The New Mortgage Crisis: Welcome to Hell
Policy + Politics

The New Mortgage Crisis: Welcome to Hell

The Fiscal Times/iStockphoto

In July 2009, Roy and Sheila Bowers refinanced the mortgage on their suburban ranch home in Topeka, Kansas. The couple wanted to take advantage of the low interest rates that were all the rage at the time. Roy, a truck driver, and Sheila, a former hotel housekeeping supervisor, knew their new loan from Wells Fargo would enable them to save $198.86 a month, a nice chunk to help with gas and groceries.

But what the Bowers never imagined was that their old loan, the one Wells Fargo told them was paid off, would resurrect itself, trashing their credit report, scotching their son's student loans and throwing the whole family into foreclosure. All, they say, even though they didn't miss a single mortgage payment.

Related:  Banks and Justice Officials: How Connected?  

The Bowers are not alone. More homeowners are saying that mortgages they thought were dead and buried are springing back to life, sometimes haunting them all the way into foreclosure. "It's the most egregious manifestation of an industry that's seriously broken," said Ira Rheingold, a lawyer who is executive director of the National Association of Consumer Advocates.

Diane Thompson, an attorney with the National Consumer Law Center, says she’s defended hundreds of foreclosure cases, and in nearly all of them, the homeowner was not in default. "The problems grew from a lot of sloppy recordkeeping that began during the housing boom, when Wall Street built a quick-and-dirty back-office operation to process mortgages quickly so lenders could sell as many loans as possible. As the loans were later sold to investors, and then resold around the world, the back office system sidestepped crucial legal procedures.

Banks hired hair stylists, fast-food kids and Wal-Mart floor workers, to pose as bank vice presidents, assistant secretaries and corporate attorneys.

Now it's becoming clear just how dysfunctional and, according to several state attorneys general, how fraudulent the whole system was. Depositions from "affidavit slaves" depict a surreal, assembly-line world in which the banks and their partner firms hired hair stylists, fast-food kids and Wal-Mart floor workers, paying them $10 an hour to pose as bank vice presidents, assistant secretaries and corporate attorneys.

These "robo-signers" became a national sensation in the fall of 2010 when it was revealed that they faked titles, forged documents and backdated affidavits so they could make up for the bypassed procedures and foreclose on properties. They passed around notary stamps as if they were salt. They did all of this, they testified, without verifying a single word in any of the documents, as is required by law. And it was all done, they say, to foreclose on as many homeowners as fast as possible.
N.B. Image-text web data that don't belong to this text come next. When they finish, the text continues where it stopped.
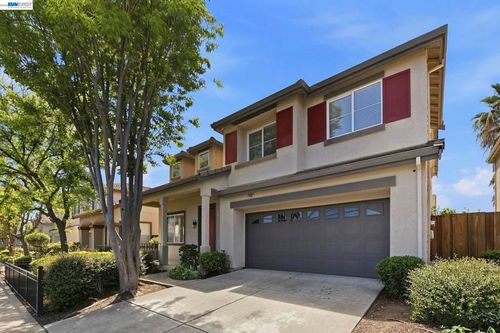 27433 Whitman St, Hayward, CA, 94544-4034 | Card Image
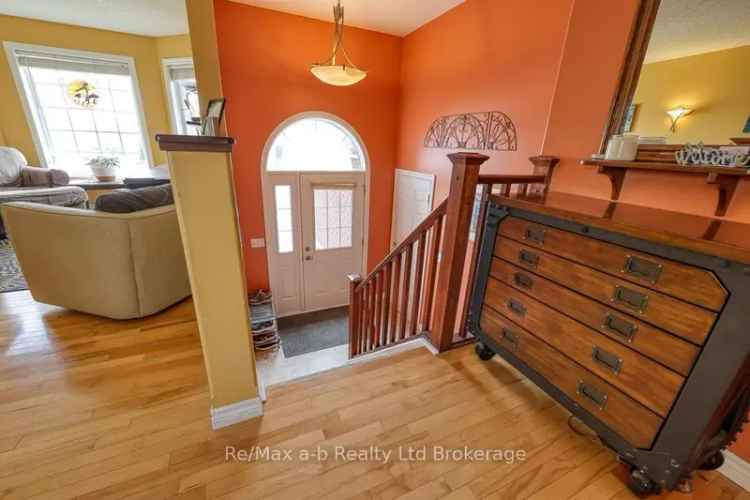 5 Bedroom Ranch Home with Finished Rec Room and Private Backyard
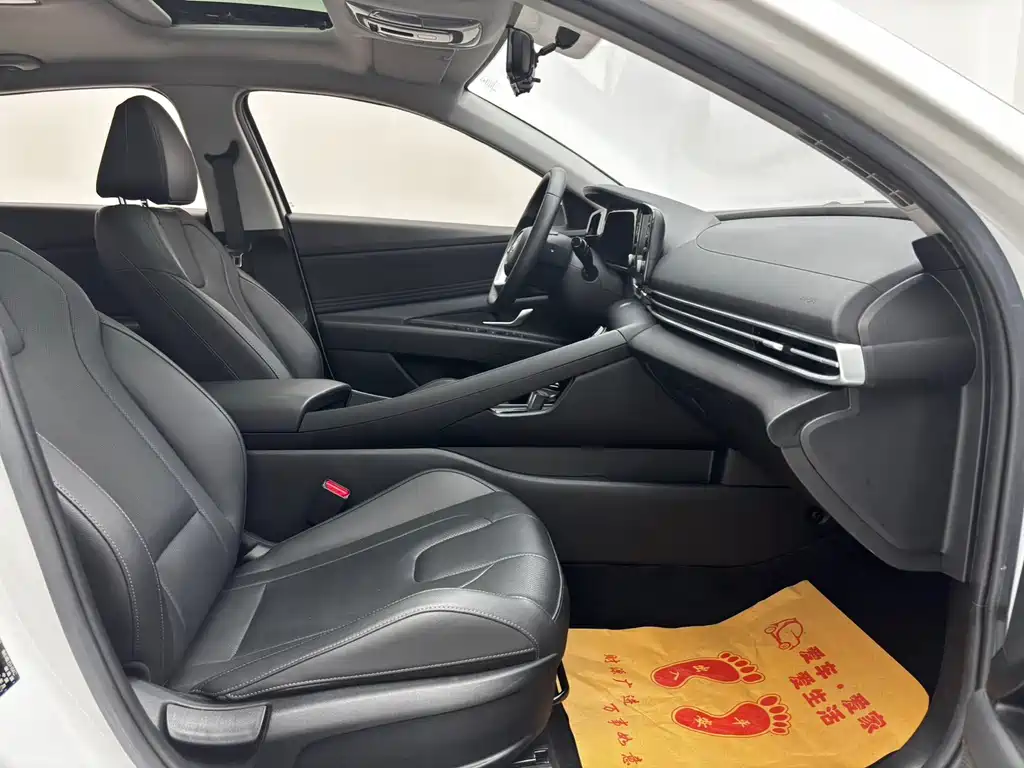 Hyundai Elantra — миниатюра 19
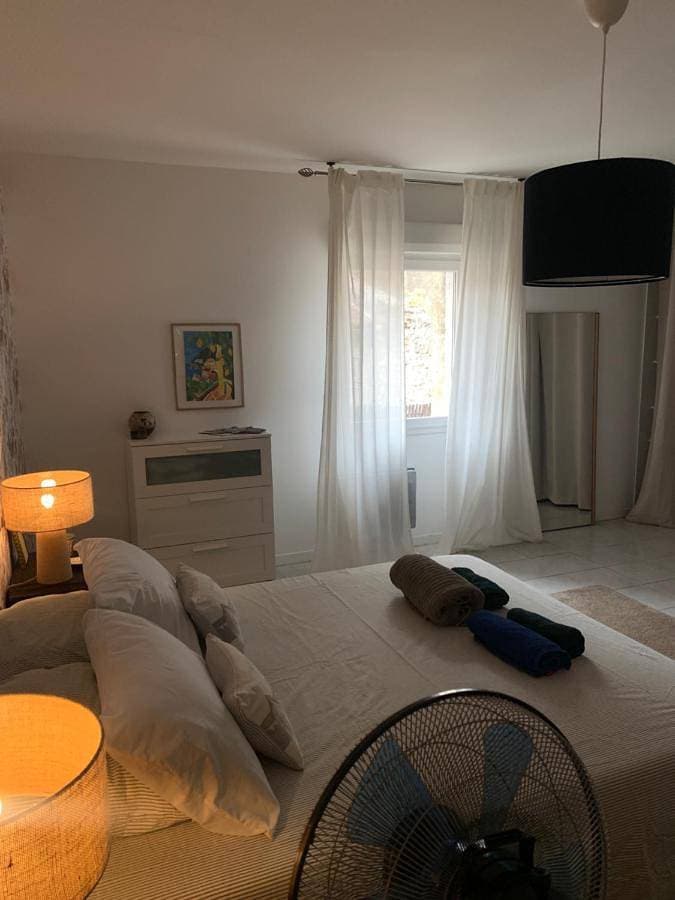 Foto 4 von 13: Double Room with Private Bathroom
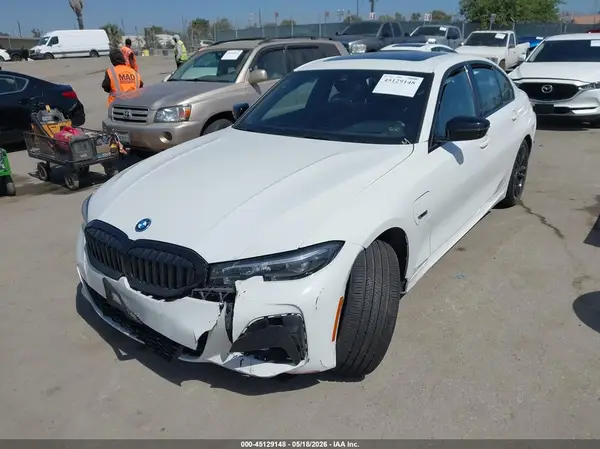 3MW5P7J06N8C28586 2022 BMW 3ER - Image 2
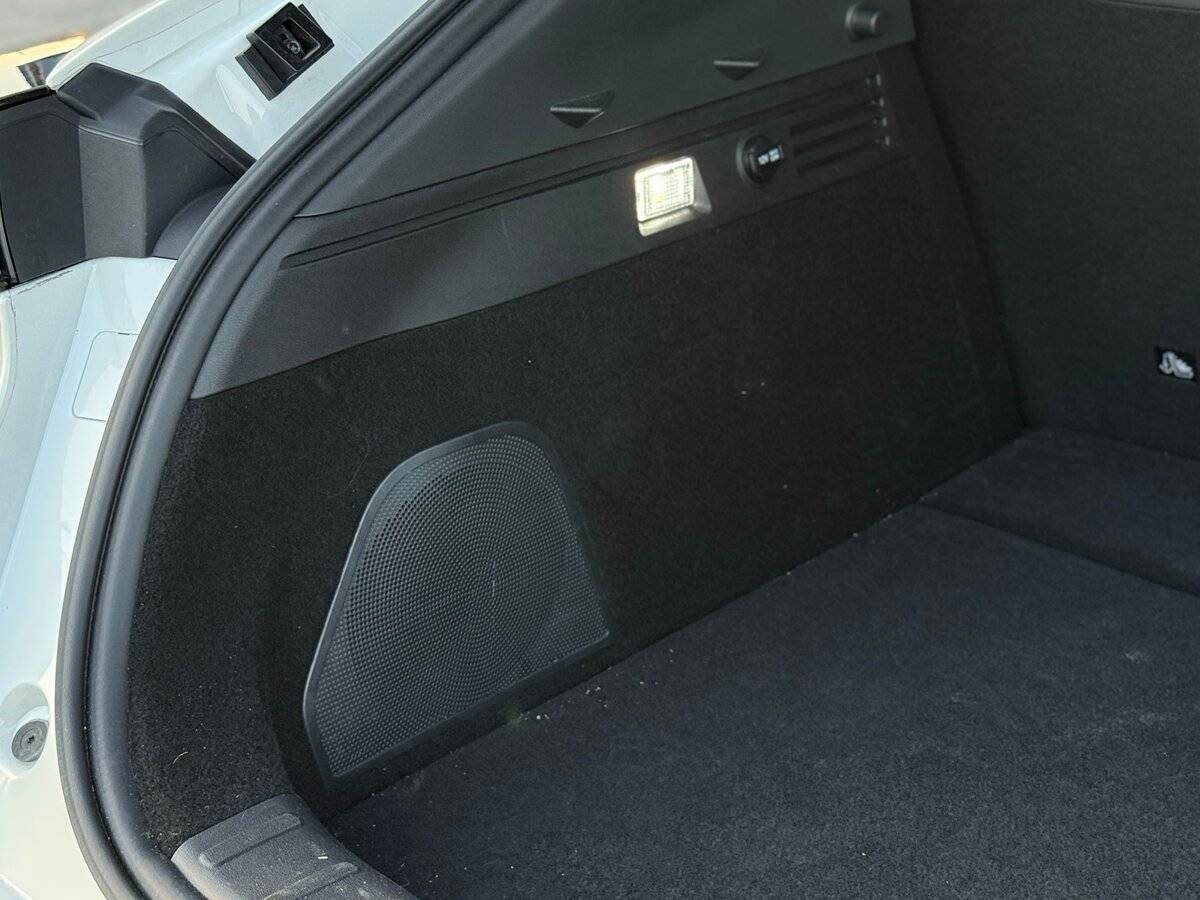 Changan UNI-T, 2023 Фото №21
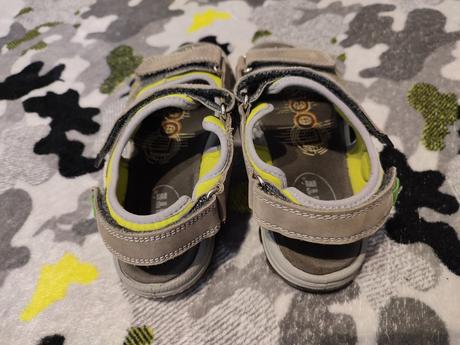 Sandálky, santé,35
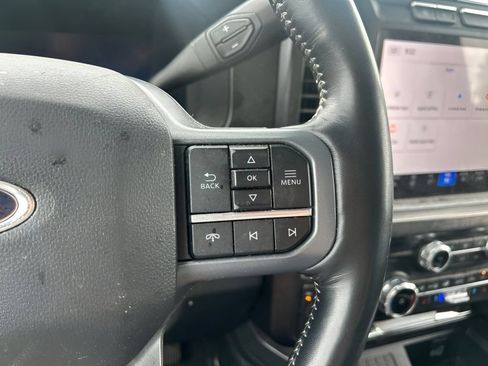 Used 2024 Ford F350 Lariat w/ Sport Appearance Package AWD/4WD image 27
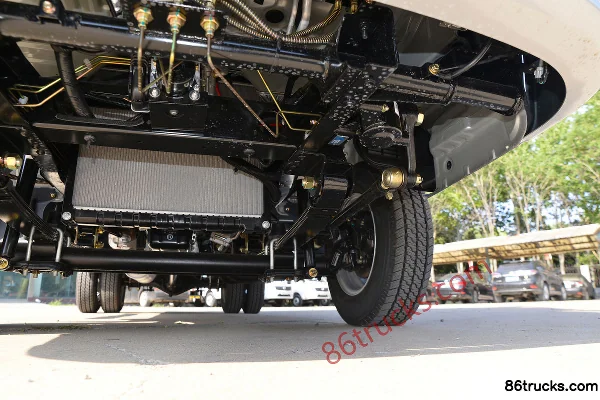 Dongfeng Xiaobawang W17 1.5L 113hp 4X2(6 wheels) 3.6m Wing Opening Van Mini Truck (China VI) Chassis (3) | 86Trucks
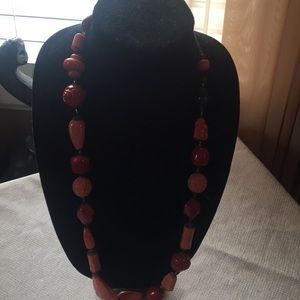 Chinese necklet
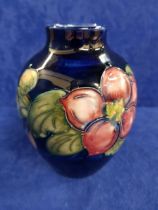 ANTIQUE SIGNED MOORCROFT VASE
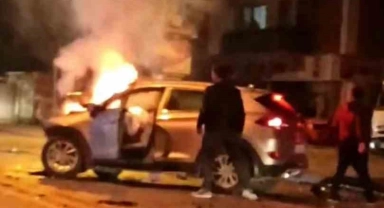 Sakarya'da korkutan kaza: Kafa kafaya çarpışan SUV araç alev aldı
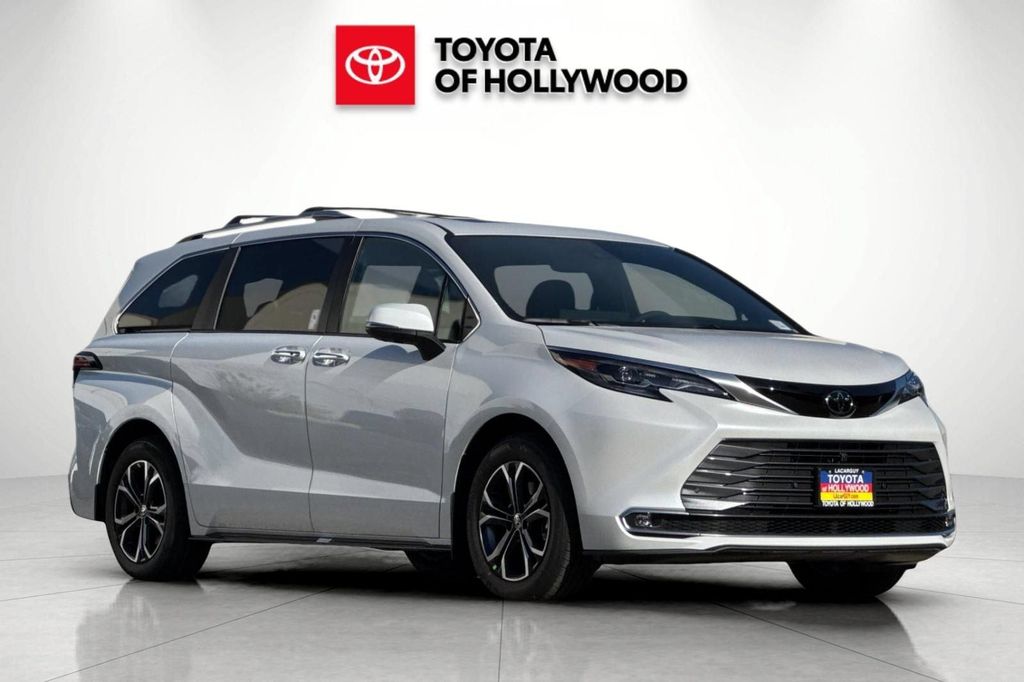 New 2026 Toyota Sienna Platinum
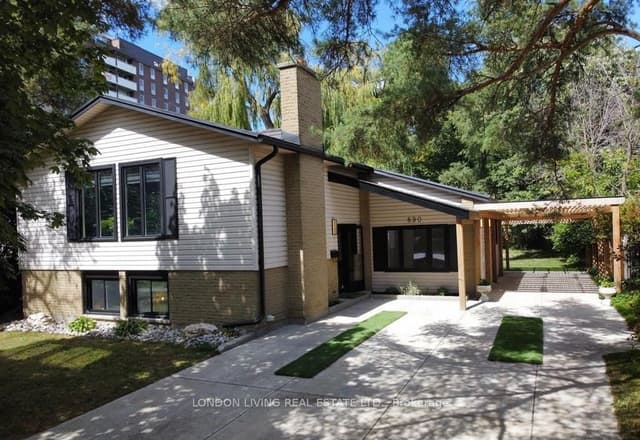 Detached at 890 Viscount Road, London South, ON N6J 2C9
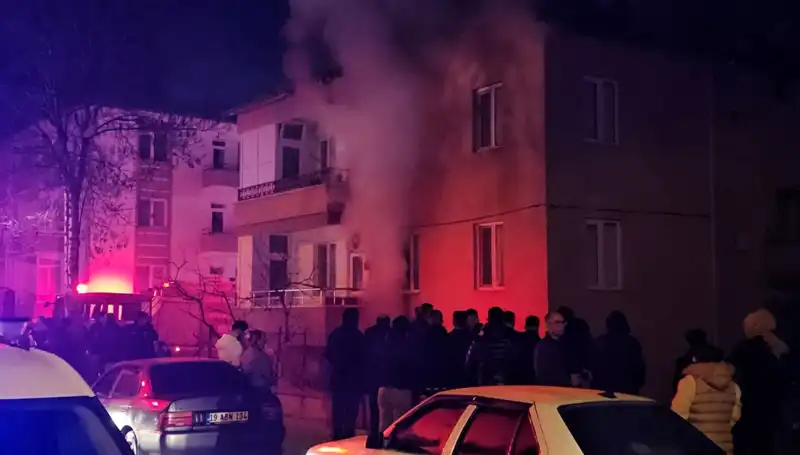 Çorum'da Bodrum Katında Yangın: Korkutan Olayda 10 Kişi Dumandan Etkilendi!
No one collects statistics on wrongful foreclosures, or how many people are facing the phantom mortgage debts. But as the industry enters its fifth year of unwinding its mortgage morass, consumer groups, homeowner attorneys and foreclosure-fraud investigators say they are seeing more cases where people who don't owe the banks a dime are getting ensnared in the same hell as those who have missed payments. They add that such problems are likely to intensify. Former industry employees have testified that they knowingly pushed through foreclosures on the wrong people.

It all casts a pall over a housing market in worse condition than it was during the Great Depression. By some estimates, 12.5 percent of U.S. homes with mortgages are either in foreclosure or the loans are at least 30 days past due – about $1 trillion in value. "This is an epic problem the economy hasn't even begun to digest," said Florida foreclosure analyst Lisa Epstein.

In some cases, mortgages that were supposed to die off in a refinancing are popping back up, while in others, the loans were paid in full. Homeowners who pay off their houses through bankruptcy programs are also falling prey. So are homeowners who never had a mortgage to begin with.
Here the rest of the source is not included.